Digital Aspirant programme improves care in the North West
More than 2,000 healthcare workers moved off paper as electronic handovers rise to more than 30,000 a month
St Helens and Knowsley Teaching Hospitals NHS Trust (STHK) has used funding from NHSX’s Digital Aspirant programme to fast-track digital transformation for safer and more-efficient care using clinical modules from System C’s EPR.
The trust’s transformation journey under the Digital Aspirant programme ranges from taking clinicians off paper for assessments, referrals and handovers; to the deployment of a real-time system for managing the flow of patients through the hospital.
Other planned highlights include the introduction of electronic care plans and a clinical workspace which gives clinicians a single view of essential clinical information with single sign-on to integrated systems.
It’s a brilliant example of technology enabling increased productivity and quality of care
The latest phase of the programme has included replacing paper-based processes with integrated digital workflows including electronic handovers.
“Early evidence is showing the new functionality is saving around 20 minutes per ward round and we are planning a robust benefits study later in the year,” said the trust’s director of informatics, Christine Walters.
“It’s a brilliant example of technology enabling increased productivity and quality of care, which is a major plus in the trust’s drive to better support our staff and patients.”
The mobile electronic handover system both streamlines the process and standardises the format, all of which is improving consistency, efficiency, collaboration and patient safety.
Handover notes are dynamically updated by multi-professional teams and date/time stamped to create a robust audit trail.
And, when patients move between departments, the handover information moves with them.
To date, 124,000 handovers have been completed using CareFlow, with 31,000 carried out in the last month.
Assessments are also becoming digital, with nursing teams using mobile devices to complete dementia screening and nutritional and alcohol assessments.
The move to the new system will reduce the time taken to complete essential documentation and is due to go live next month.
Sonia Patel, chief information officer at NHSX, said: “Supporting frontline NHS organisations to digitally transform is at the heart of NHSX.
All this is making the trust more agile in response to the care required in the region and provides clinical teams with the information they need to provide that care efficiency and safely
“The Digital Aspirant programme is key to supporting those organisations that need more assistance.
“Trusts like St Helens and Knowsley are fantastic examples of the benefits that digital can bring when an organisation is committed to transform."In a further development, STHK has deployed new mobile care collaboration functionality so teams are able to work together efficiently and safely around the needs of the patient.

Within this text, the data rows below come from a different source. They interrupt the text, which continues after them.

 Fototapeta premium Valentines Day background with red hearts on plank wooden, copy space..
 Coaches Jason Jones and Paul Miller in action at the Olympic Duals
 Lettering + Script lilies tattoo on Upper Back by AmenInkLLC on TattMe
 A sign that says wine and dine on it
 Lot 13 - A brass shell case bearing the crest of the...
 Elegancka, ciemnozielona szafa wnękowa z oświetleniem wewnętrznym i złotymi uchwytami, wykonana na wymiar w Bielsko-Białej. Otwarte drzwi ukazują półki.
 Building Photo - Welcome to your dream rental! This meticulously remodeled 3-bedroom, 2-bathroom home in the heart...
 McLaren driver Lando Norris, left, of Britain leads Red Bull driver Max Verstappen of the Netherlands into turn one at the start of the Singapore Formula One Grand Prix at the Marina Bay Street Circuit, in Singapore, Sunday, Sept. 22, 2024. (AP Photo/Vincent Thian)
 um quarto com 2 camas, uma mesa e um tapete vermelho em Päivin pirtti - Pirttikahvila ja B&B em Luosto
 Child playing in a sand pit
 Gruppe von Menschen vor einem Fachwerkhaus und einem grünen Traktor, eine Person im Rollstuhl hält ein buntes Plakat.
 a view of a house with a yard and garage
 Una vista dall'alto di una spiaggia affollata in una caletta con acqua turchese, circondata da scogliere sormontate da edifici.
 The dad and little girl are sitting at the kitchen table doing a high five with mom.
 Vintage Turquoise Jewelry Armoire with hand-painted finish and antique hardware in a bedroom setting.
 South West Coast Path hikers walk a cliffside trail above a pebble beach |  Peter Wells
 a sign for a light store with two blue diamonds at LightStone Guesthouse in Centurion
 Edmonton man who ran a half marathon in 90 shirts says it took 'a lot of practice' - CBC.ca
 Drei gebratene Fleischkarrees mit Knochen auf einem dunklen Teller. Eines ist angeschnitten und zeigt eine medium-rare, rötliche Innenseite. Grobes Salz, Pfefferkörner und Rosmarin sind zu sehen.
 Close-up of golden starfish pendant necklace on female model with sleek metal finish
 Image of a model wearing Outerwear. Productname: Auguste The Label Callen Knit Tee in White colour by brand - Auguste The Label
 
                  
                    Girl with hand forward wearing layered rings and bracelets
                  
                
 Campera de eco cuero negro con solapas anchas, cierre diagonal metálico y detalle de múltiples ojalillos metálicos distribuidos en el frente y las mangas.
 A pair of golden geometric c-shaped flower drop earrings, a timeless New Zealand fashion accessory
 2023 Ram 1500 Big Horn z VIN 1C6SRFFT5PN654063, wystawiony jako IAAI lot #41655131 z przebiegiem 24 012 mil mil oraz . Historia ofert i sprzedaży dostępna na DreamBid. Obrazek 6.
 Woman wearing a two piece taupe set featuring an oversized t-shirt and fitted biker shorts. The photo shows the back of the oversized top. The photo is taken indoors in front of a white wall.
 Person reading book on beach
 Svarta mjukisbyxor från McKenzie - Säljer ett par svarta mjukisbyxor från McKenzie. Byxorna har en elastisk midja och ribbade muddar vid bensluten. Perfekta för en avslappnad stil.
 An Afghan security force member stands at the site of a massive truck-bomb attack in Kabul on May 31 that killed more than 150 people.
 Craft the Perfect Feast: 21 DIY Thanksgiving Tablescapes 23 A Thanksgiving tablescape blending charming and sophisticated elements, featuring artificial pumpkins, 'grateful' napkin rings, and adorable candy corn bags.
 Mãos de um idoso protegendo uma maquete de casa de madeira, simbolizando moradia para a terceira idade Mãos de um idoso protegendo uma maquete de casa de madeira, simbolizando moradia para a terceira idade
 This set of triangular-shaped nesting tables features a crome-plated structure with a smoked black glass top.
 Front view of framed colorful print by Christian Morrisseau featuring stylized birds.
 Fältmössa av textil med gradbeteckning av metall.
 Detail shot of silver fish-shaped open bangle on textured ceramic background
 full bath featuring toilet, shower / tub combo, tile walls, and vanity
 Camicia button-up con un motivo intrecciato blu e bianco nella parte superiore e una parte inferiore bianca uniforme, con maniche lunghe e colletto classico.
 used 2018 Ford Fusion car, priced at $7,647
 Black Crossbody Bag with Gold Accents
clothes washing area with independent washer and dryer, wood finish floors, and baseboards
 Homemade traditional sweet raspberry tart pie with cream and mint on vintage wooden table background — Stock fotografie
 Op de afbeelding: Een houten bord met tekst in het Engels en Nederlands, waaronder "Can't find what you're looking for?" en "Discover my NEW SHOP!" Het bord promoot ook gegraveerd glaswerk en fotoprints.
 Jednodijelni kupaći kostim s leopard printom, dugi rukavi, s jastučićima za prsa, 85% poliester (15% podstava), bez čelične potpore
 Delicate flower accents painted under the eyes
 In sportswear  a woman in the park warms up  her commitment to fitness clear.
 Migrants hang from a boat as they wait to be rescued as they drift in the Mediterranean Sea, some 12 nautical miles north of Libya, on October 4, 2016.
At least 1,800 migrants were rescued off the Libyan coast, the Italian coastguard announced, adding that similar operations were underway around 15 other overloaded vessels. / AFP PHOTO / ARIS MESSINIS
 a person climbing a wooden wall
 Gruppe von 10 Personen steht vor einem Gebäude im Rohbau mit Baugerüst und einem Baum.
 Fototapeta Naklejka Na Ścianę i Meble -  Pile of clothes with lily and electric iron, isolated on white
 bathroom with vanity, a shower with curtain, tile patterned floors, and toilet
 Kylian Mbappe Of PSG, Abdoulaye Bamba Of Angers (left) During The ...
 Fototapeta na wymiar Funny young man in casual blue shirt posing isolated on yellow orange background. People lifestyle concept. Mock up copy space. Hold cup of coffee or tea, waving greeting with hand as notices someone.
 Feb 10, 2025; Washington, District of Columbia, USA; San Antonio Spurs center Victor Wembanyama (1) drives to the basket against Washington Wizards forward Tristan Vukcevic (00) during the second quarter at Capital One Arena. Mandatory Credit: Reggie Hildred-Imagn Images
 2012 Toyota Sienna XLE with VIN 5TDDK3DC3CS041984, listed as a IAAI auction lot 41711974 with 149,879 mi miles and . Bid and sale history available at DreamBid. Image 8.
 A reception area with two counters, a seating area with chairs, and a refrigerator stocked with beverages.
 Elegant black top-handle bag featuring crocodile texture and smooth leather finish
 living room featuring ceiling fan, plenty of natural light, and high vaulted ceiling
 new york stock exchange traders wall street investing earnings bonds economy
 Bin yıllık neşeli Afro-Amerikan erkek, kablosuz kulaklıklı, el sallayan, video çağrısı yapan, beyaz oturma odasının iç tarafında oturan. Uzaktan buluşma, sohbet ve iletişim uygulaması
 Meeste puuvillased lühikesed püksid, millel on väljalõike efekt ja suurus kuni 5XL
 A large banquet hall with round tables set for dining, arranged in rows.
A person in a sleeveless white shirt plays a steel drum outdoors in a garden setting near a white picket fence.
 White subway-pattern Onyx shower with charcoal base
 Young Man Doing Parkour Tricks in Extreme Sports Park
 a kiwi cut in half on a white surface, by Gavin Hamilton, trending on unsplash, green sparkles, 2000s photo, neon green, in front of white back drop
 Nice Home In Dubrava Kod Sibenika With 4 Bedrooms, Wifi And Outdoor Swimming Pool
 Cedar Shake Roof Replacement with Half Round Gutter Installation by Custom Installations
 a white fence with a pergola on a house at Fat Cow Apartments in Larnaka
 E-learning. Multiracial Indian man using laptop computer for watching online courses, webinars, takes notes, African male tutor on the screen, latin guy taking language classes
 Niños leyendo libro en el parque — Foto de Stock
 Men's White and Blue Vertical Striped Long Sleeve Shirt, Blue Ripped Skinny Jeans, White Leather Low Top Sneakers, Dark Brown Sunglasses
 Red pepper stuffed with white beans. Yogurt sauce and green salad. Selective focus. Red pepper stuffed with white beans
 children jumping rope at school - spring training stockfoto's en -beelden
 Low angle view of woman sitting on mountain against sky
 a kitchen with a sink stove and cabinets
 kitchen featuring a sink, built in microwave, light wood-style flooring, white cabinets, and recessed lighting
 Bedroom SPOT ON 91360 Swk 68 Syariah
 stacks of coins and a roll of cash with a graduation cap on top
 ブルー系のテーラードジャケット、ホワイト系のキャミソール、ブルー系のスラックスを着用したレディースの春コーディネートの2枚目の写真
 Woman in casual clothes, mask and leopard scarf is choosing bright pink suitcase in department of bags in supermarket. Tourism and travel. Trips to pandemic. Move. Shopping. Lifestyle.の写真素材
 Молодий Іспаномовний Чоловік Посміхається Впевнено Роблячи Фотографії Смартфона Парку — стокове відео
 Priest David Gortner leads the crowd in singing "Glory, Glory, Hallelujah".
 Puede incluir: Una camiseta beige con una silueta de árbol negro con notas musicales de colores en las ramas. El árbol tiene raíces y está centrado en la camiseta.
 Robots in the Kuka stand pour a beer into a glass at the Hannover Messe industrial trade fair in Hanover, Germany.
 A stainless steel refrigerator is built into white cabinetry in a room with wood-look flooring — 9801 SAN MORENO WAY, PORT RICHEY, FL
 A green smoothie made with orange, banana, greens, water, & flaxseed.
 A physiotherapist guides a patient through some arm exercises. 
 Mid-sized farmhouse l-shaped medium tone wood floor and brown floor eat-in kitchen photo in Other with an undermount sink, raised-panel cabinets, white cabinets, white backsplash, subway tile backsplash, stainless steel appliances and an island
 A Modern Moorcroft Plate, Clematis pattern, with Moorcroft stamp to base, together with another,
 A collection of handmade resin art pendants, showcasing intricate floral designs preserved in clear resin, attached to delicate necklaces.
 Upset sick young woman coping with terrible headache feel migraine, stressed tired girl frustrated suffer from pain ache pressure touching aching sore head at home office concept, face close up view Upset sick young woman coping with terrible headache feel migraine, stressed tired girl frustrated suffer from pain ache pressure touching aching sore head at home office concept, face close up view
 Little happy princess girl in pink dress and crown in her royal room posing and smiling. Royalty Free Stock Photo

Important benefits include the ability to create live electronic patient lists, complete with up-to-date information including observations and results.
This was essential for organising emerging workflows and co-ordinating care for specific groups of patients such as those in COVID-19 ITU and COVID-19 virtual wards.
Teams across the trust are also able to collaborate on the digital platform to manage patient referrals from primary care and ED to specialities in a structured situation, background, assessment, recommendation (SBAR) format.
Ragit Varia, clinical director and consultant in acute medicine at the trust, said: “Not only has CareFlow standardised and streamlined patient referrals, but it has enabled enhanced accessibility via clinicians’ devices.
“This means the shift lead can have a helicopter view of all acute admissions and resources can be maximised using the task management facility.”
Walters adds: “All this is making the trust more agile in response to the care required in the region and provides clinical teams with the information they need to provide that care efficiency and safely.”
Further COVID-19 response activities include the development of integrated alerts and tagging within the CareFlow EPR.
Clinical teams can be immediately alerted to positive COVID-19 results from the patient administration system to their mobile devices and are able to track and monitor associated patients using the clinical tagging feature.
Trusts like St Helens and Knowsley are fantastic examples of the benefits that digital can bring when an organisation is committed to transform
Andy Ashton, ED consultant at the trust, said: “It is particularly useful that it works on PC and mobile devices.
“ED consultants and medical registrars are frequently on the move, so being able to use CareFlow on the phone is very helpful.
“The phone has now become a shorthand access device to find the early warning score and results for your patient.
“In orthopaedics they are also using the new system to maintain dynamic lists of patients for theatre and the staff love it because they know exactly where the patients are when they go to collect them.”
Andrew Hill, stroke consultant and the chief clinical information officer, adds: “This has been a clinically-led programme across the trust which is being embraced brilliantly by staff.
“The high levels of interaction are leading to further innovative uses and benefit realisation.
“It is a good example of technology modernising processes in action.”
System C’s partnership with St Helens and Knowsley began in 2017 with the implementation of the company’s patient administration, order communications, and emergency department modules.